_What is being asked_
Leave every image out, and return the rest of the data word for word.

_Input data_
━━━━━━━━━━━━━━━━━━━━━━━━━━━━━━
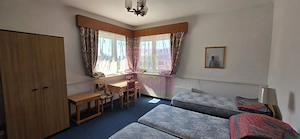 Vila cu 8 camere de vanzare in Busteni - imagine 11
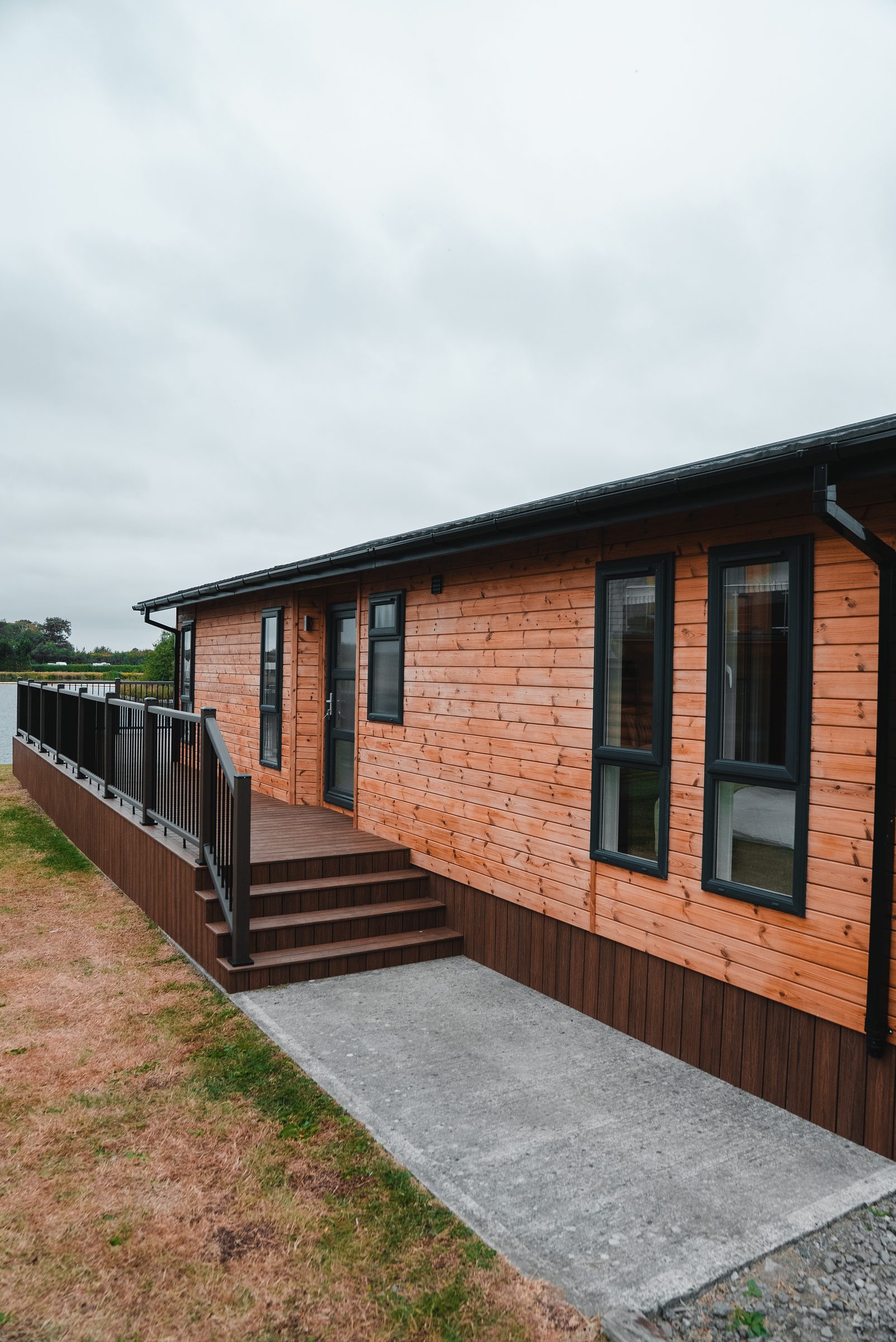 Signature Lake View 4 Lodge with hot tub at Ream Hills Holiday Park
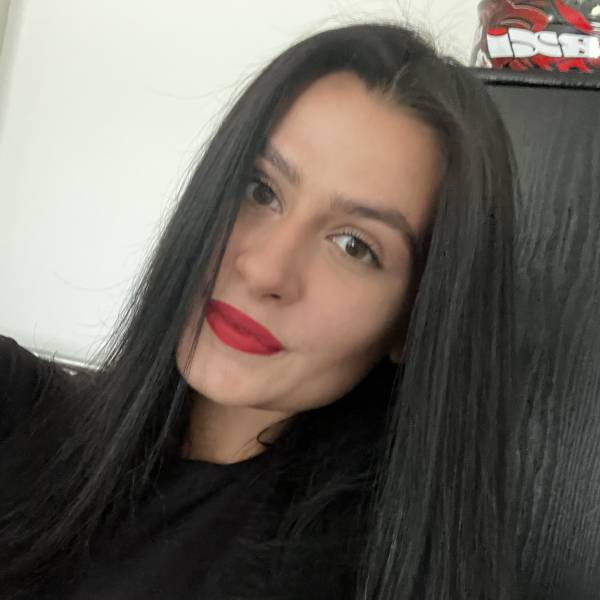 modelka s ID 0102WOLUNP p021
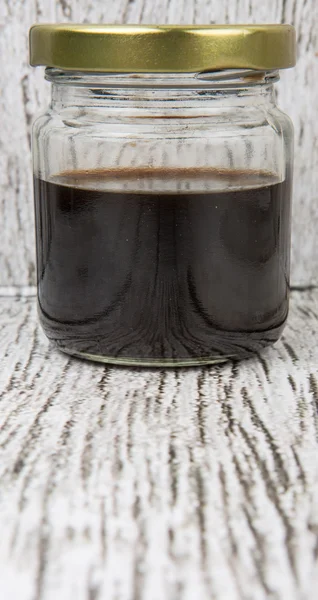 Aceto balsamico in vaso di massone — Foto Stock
━━━━━━━━━━━━━━━━━━━━━━━━━━━━━━
_Result of this task_
 Vila cu 8 camere de vanzare in Busteni - imagine 11
 Signature Lake View 4 Lodge with hot tub at Ream Hills Holiday Park
 modelka s ID 0102WOLUNP p021
 Aceto balsamico in vaso di massone — Foto Stock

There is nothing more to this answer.